The Quadratic Equation Process, is this wrong?

[mathzeroh]

Hellooooo everybody. i have a very distinct feeling that there's something very wrong here...

OK, what I'm trying to do is to get to the quadratic equation through the standard form of a polynomial equation in the second degree.

watch this, and go to this website. it lists the process very briefly http://mathworld.wolfram.com/QuadraticEquation.html...in this picture http://mathworld.wolfram.com/qimg558.gif isn't it wrong to put the x+b/2a inside the parenthesis with the WHOLE thing raised to the second power?? i mean doesn't that mean that the WHOLE THING INCLUDING the 'x' gets squared?? that's wrong! aha! that's wrong! i knew it! i knew it! Nah I'm just kidding there but i really do want to know if that's a typo or not. I think that when completing the square, you should only raise the "b" term in (the standard form) to the second power. like this:

$$ax^2+bx+c=0$$

$$(\frac{b}{2})^2$$

subtract the 'c' and bring it over to the other side, then complete the square:
$$ax^2+bx+(\frac{b}{2})^2=-c+(\frac{b}{2})^2$$

is this right, as opposed to the ones shown on that website? :uhh: :uhh:

 

[StatusX]

The site is right, but I'm not sure what you're trying to do. What is your next step?

 

[dextercioby]

I'm sure what's on that site is not wrong.How about u finish your calculations...?

Daniel.

 

[mathzeroh]

I'm sure what's on that site is not wrong.How about u finish your calculations...?

Daniel.

Hey, how's it going? I'm going to go do that, i'll get back at you all.

 

[mathzeroh]

okay guys I am in a pot-hole.

here's my work:

$$ax^2+bx+c=0$$

$$ax^2+bx+(\frac{b}{2})^2=-c+(\frac{b}{2})^2$$

$$ax^2+bx+(\frac{b^2}{4})=-c+(\frac{b^2}{4})$$

$$\left(x-\frac{b}{2a}\right)^2=\left(\frac{-c+\frac{b^2}{4}}{a}\right)$$

Then i took the square root of both sides and got this:

(x-(b/2a))=\sqrt(-c+(b^2/4)/ \sqrt(a)

then i did that thing where you can't have a square root on the bottom (forgot what its called), and to do that, i multiplied the top and bottom of the right side of the equation with the square root of a over the square root of a (1 in essence).


then it wasn't looking like it was going in the right direction...help. :uhh: :uhh:

 

[StatusX]

After you implicity divided by a between the last two (latex) steps, you no longer had a perfect square on the left. You need that last term to be b^2/4a^2. That's why they divided by a first. Once you correct that, your method becomes identical to theirs.

 

[dextercioby]

Do you agree that the RHS of your last equation (written in tex) can be written
$$\frac{b^{2}-4ac}{4a}$$

Now extract square root...

Daniel.

P.S.Yes,an "a" is missing in the numerator...

 

[mathzeroh]

After you implicity divided by a between the last two (latex) steps, you no longer had a perfect square on the left. You need that last term to be b^2/4a^2. That's why they divided by a first. Once you correct that, your method becomes identical to theirs.

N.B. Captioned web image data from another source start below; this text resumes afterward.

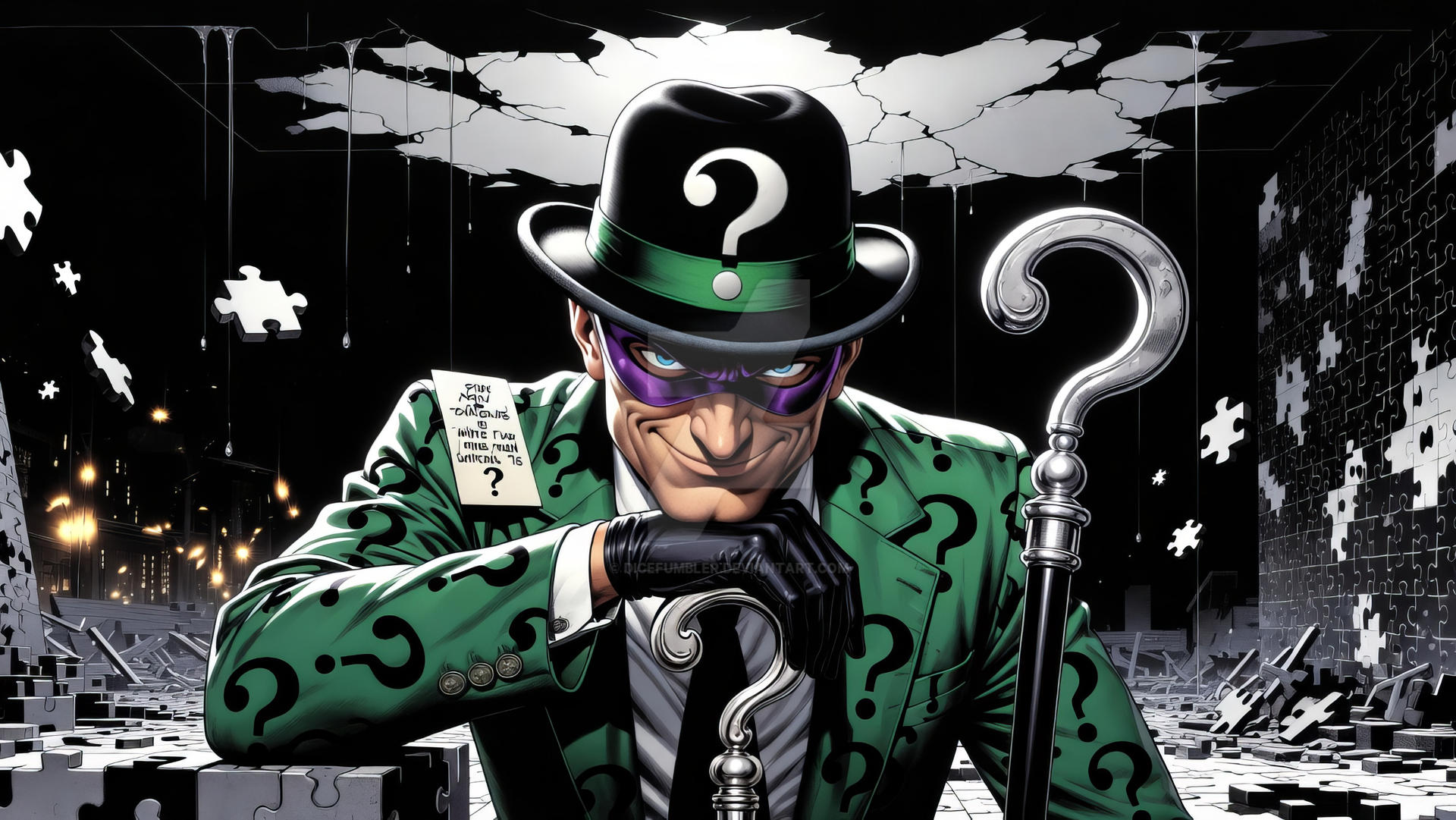 Mondo Riddler The Riddler by DiceFumbler on DeviantArt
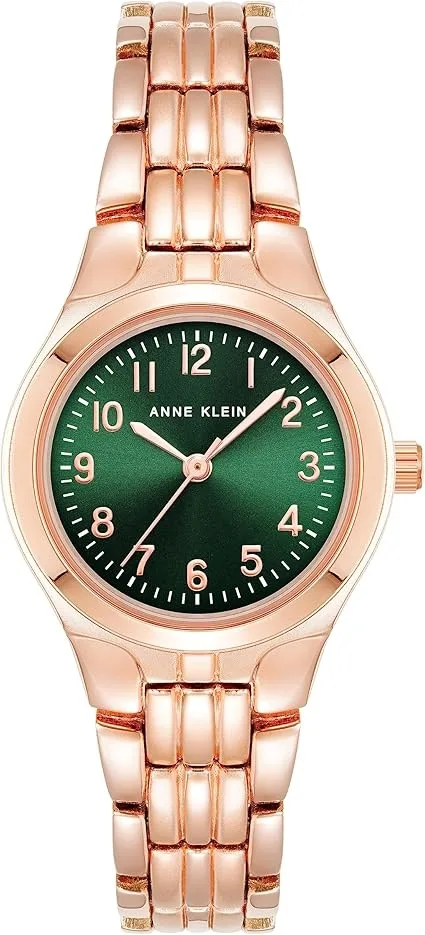 Anne Klein Anne Klein Rose Gold-Tone Green Dial 26mm Ladies Watch — product photo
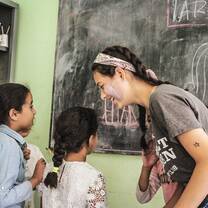 Tutoring kids in rural Morocco (zawiya ahansal)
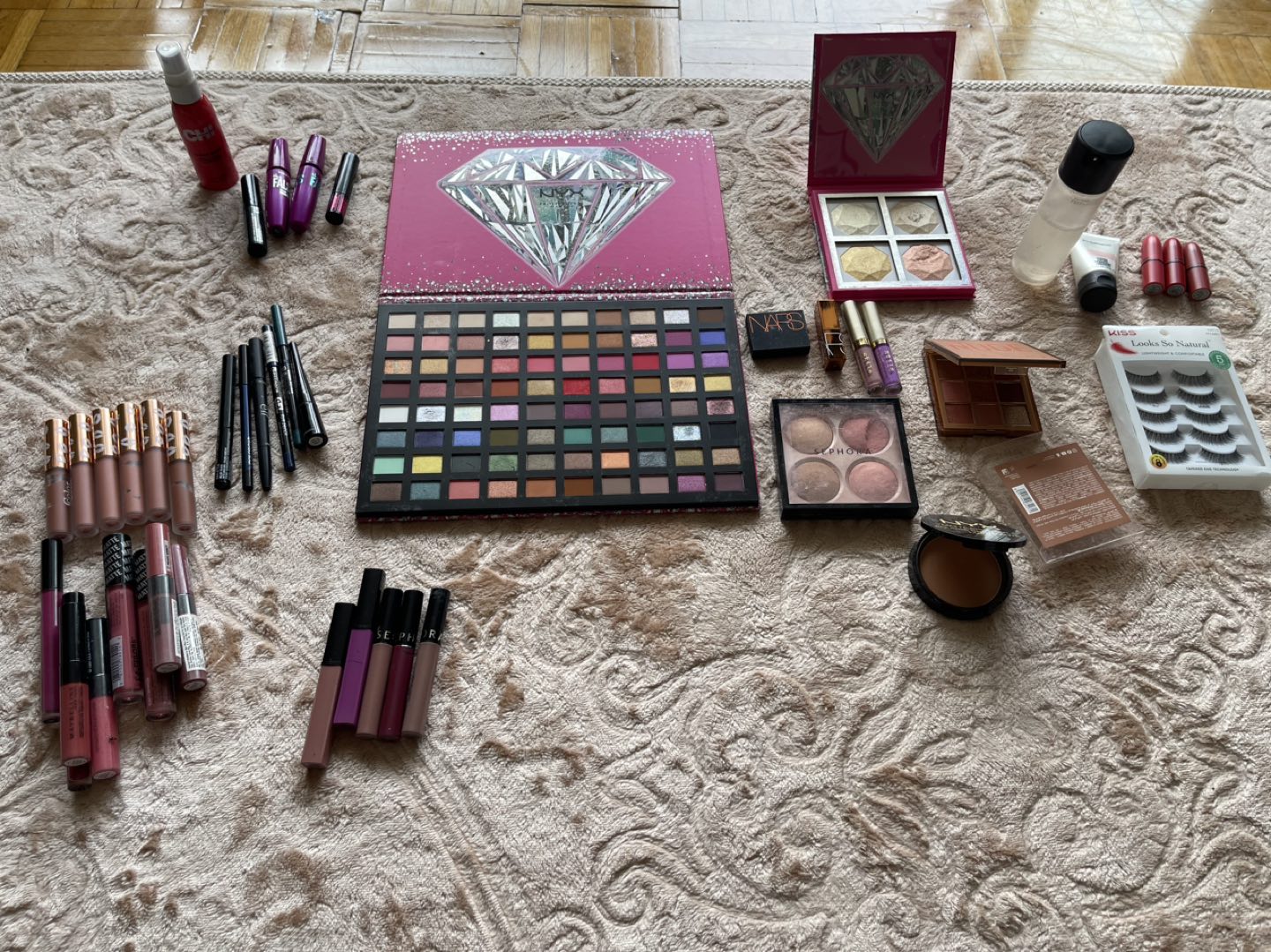 Bunch of makeup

i looked and looked and looked at it, but it didn't click.

how on Earth did they go from here:
http://mathworld.wolfram.com/qimg557.gif

to here:
http://mathworld.wolfram.com/qimg558.gif

what happened to the x in the left in the second step?? i mean, it was, (b/a)x

 

[StatusX]

expand the squared term and you'll see

 

[mathzeroh]

i looked and looked and looked at it, but it didn't click.

how on Earth did they go from here:
http://mathworld.wolfram.com/qimg557.gif

to here:
http://mathworld.wolfram.com/qimg558.gif

what happened to the x in the left in the second step?? i mean, it was, (b/a)x

NEVERMIND, i see what they did

 

[mathzeroh]

expand the squared term and you'll see

hahah yeah, thanks man, i just saw that.

 

[dextercioby]

As an advice for future "events",ALWAYS TRUST MATHWORLD from WOLFRAM.COM.

I haven't seen one single mistake on their site.

Daniel.

 

[mathzeroh]

HOLY MOLY!

its like it all just revealed itself right before my eyes! IT WORKS! BY GOD ALMIGHTY IT WORKS! thanks for ur help! :)

thanks for the tip Daniel. i'll keep that in mind. mathworld rules.